Also, how do you get it to work with an AI API endpoint? I keep getting the error:

    compressed_prompt = llm_lingua.compress_prompt(
                        ^^^^^^^^^^^^^^^^^^^^^^^^^^^
  File "C:\Program Files\Lib\site-packages\llmlingua\prompt_compressor.py", line 143, in compress_prompt
    context_tokens_length = [self.get_token_length(c) for c in context]
                            ^^^^^^^^^^^^^^^^^^^^^^^^^^^^^^^^^^^^^^^^^^^
  File "C:\Program Files\Lib\site-packages\llmlingua\prompt_compressor.py", line 143, in <listcomp>
    context_tokens_length = [self.get_token_length(c) for c in context]
                             ^^^^^^^^^^^^^^^^^^^^^^^^
  File "C:\Program Files\Lib\site-packages\llmlingua\prompt_compressor.py", line 254, in get_token_length
    self.tokenizer(text, add_special_tokens=add_special_tokens).input_ids
    ^^^^^^^^^^^^^^
AttributeError: 'OpenRouterPromptCompressor' object has no attribute 'tokenizer'

You can look at the code I tried to use in my GitHub repository...

JiHa-Kim avatar Jan 11 '24 21:01 JiHa-Kim

Hi @JiHa-Kim, thank you for your help and efforts.

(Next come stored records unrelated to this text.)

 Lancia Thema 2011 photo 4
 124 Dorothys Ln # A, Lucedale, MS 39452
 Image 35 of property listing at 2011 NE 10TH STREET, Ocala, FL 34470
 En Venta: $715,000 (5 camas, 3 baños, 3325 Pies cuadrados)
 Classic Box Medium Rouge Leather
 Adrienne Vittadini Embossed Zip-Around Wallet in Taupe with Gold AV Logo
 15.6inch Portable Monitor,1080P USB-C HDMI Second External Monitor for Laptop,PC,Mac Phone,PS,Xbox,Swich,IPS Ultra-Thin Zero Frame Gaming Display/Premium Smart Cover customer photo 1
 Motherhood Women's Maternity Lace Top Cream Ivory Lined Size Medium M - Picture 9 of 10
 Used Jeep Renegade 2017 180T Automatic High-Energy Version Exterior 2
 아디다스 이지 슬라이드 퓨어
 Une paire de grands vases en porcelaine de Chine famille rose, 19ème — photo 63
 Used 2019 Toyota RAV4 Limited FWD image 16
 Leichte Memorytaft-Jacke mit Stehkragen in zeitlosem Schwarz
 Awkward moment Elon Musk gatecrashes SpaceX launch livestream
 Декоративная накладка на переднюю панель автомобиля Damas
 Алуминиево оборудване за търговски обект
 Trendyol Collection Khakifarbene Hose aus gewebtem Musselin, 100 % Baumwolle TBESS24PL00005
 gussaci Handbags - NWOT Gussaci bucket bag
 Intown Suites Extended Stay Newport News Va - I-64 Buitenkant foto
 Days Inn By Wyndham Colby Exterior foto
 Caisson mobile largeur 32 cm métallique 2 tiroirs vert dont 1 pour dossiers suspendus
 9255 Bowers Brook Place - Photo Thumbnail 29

I haven't tried using GGUF with LLMLingua yet, but I believe there shouldn't be any major block issues. Also, a special thanks to @TechnotechGit, who is currently assisting in making Llama cpp compatible with LLMLingua. I'm confident this will facilitate support for models in GGUF format.

Regarding the second issue, it seems to stem from the lack of a defined tokenizer in OpenRouterPromptCompressor. You might try initializing a tokenizer using titoken. However, I suspect there might be some additional errors to address later on.

iofu728 avatar Jan 12 '24 09:01 iofu728

Thanks I am excited to get this working properly.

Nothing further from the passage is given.